All of the entries, apart from their pictures, are to be copied verbatim.

━━ Exercise input ━━

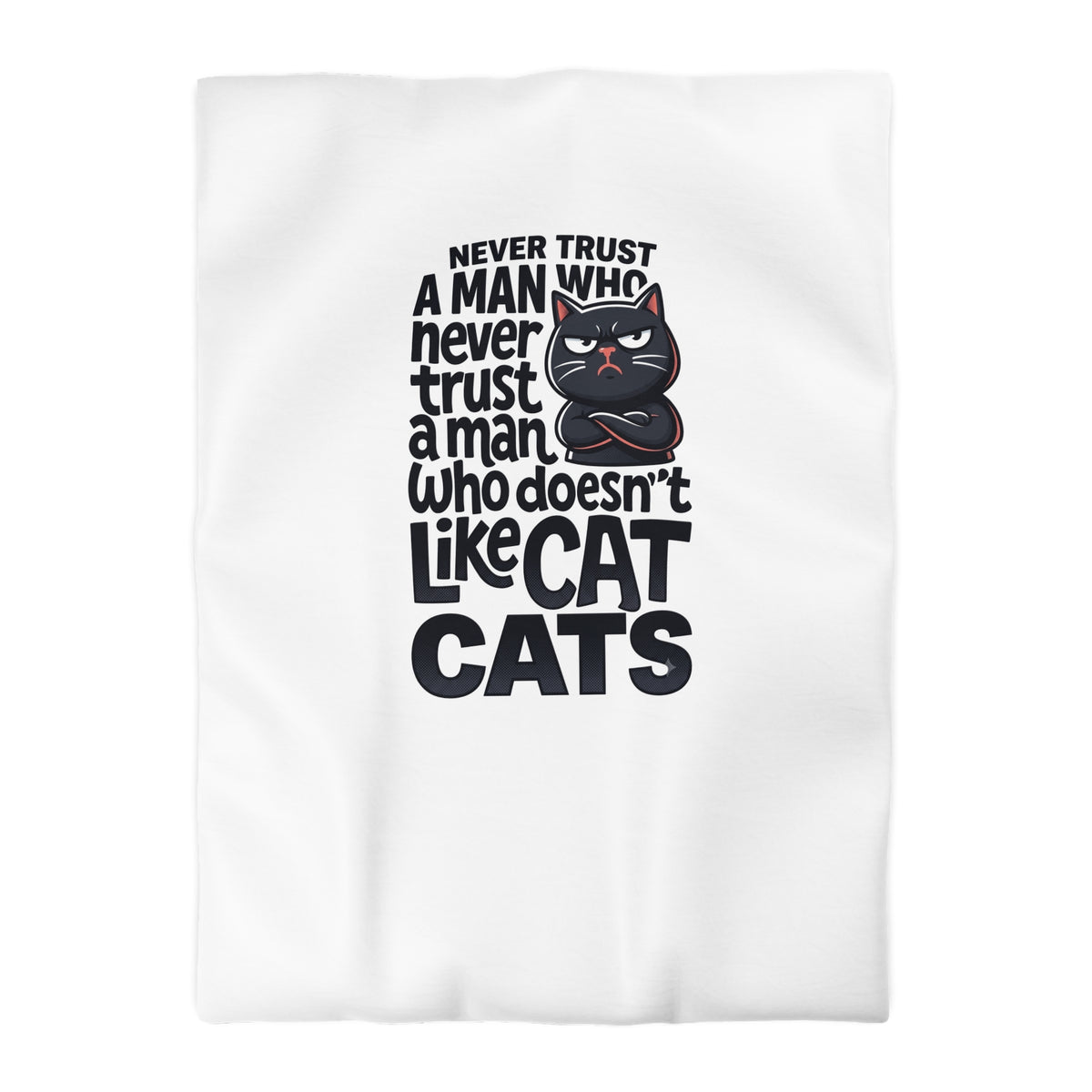 Duvet Cover — "Never Trust a Man Who Doesn't Like Cats" Cute Black Cat Bedding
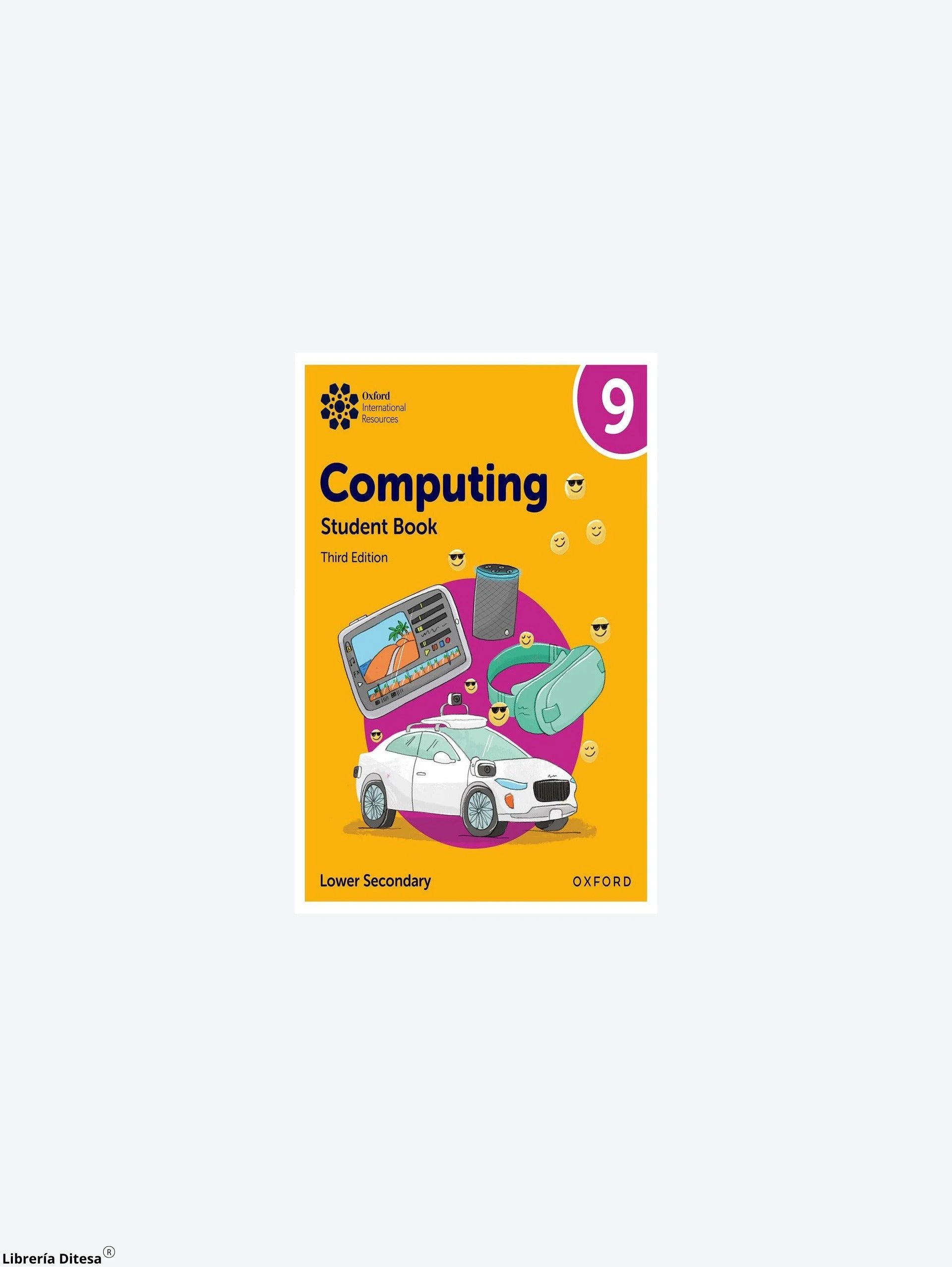 Oxford International Lower Secondary Computing Student Book 9 3Rd Ed by Oxford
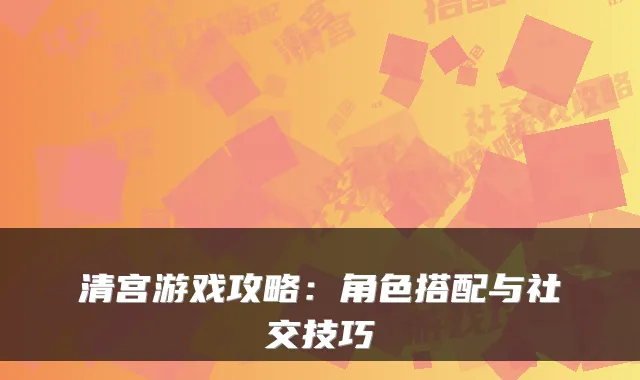 清宫游戏攻略：角色搭配与社交技巧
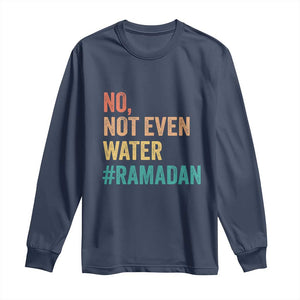 Ramadan Kareem Mubarak Long Sleeve Shirt No Not Even Water Ramadan TS02 Navy Print Your Wear
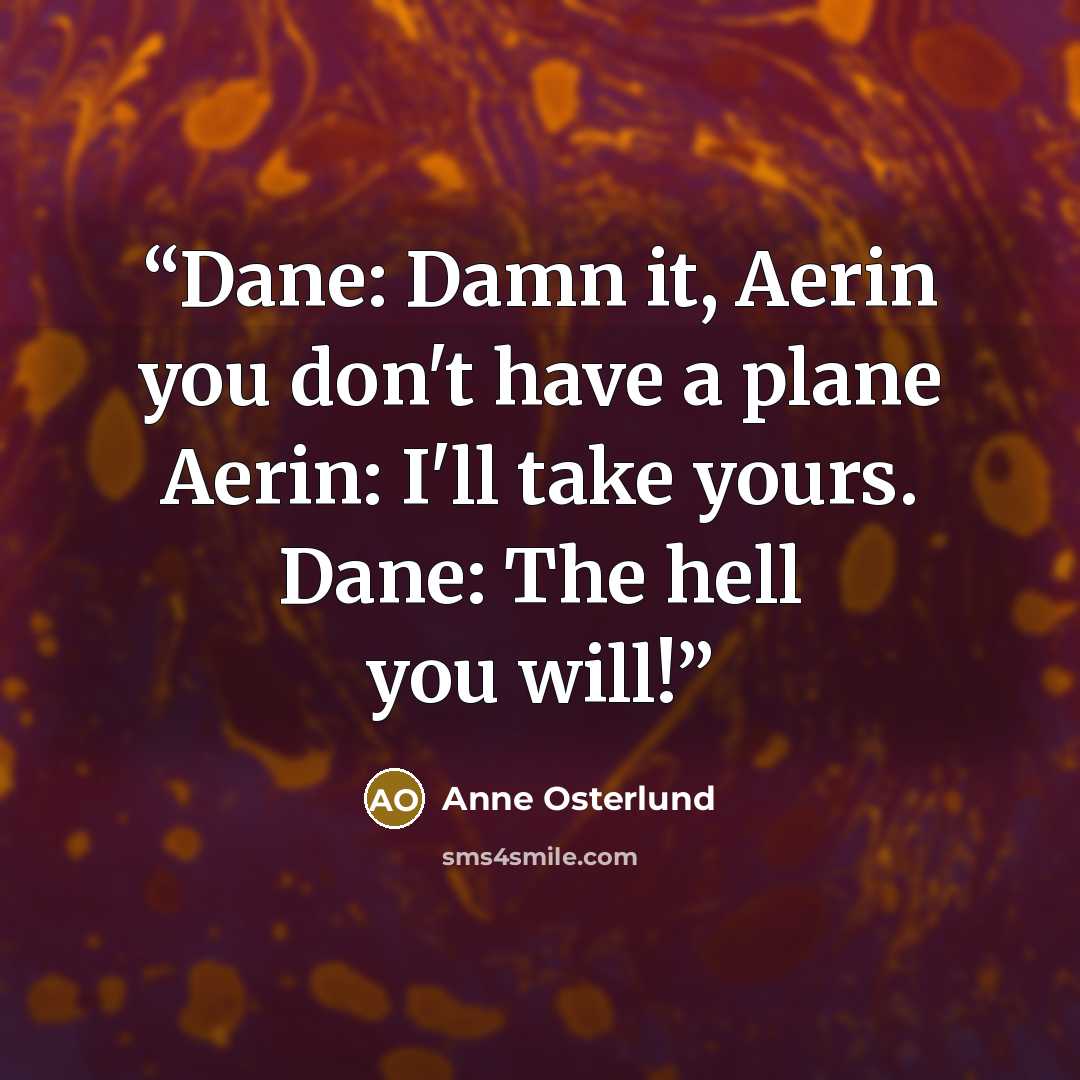 “Dane: Damn it, Aerin you don't have a plane Aerin: I'll take yours. Dane: The hell you will!” quote by Anne Osterlund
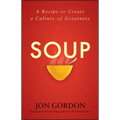 Soup: A Recipe to Create a Culture of Greatness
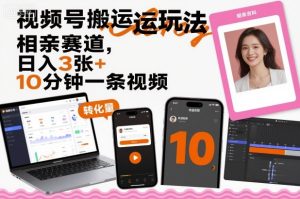 视频号搬运玩法，相亲赛道，日入3张+，10分钟一条视频 - 网赚资源网-网赚资源网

━━━

Answer box:
 Duvet Cover — "Never Trust a Man Who Doesn't Like Cats" Cute Black Cat Bedding
 Oxford International Lower Secondary Computing Student Book 9 3Rd Ed by Oxford
 清宫游戏攻略：角色搭配与社交技巧
 Ramadan Kareem Mubarak Long Sleeve Shirt No Not Even Water Ramadan TS02 Navy Print Your Wear
 “Dane: Damn it, Aerin you don't have a plane Aerin: I'll take yours. Dane: The hell you will!” quote by Anne Osterlund
 Soup: A Recipe to Create a Culture of Greatness
 视频号搬运玩法，相亲赛道，日入3张+，10分钟一条视频 - 网赚资源网-网赚资源网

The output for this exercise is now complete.